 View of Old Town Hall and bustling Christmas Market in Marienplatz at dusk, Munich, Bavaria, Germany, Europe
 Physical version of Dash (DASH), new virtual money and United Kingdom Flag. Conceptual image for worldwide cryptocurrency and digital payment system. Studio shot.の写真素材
--
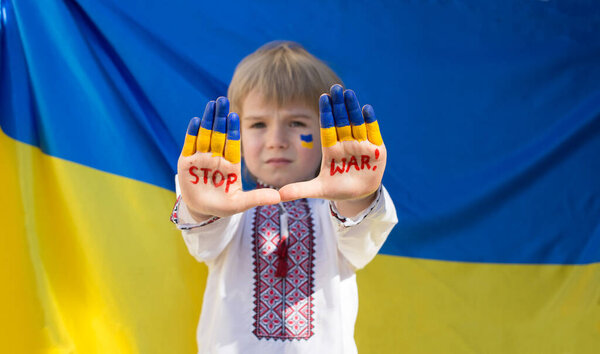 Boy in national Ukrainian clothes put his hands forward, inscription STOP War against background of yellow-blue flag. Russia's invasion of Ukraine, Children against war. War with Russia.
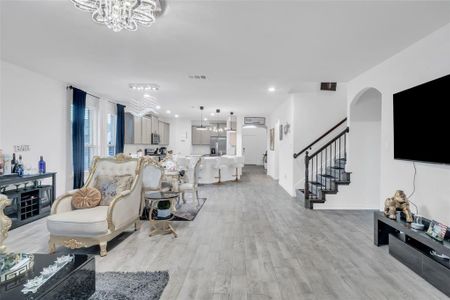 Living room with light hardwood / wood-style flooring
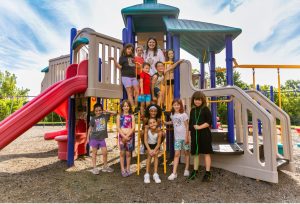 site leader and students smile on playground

Task prompt >>
Begin at the line in the entries above that has "Boy in national", stop after the line that has "site leader and students smile on playground", and output exactly those lines without pictures.

Solution below >>
 Boy in national Ukrainian clothes put his hands forward, inscription STOP War against background of yellow-blue flag. Russia's invasion of Ukraine, Children against war. War with Russia.
 Living room with light hardwood / wood-style flooring
 site leader and students smile on playground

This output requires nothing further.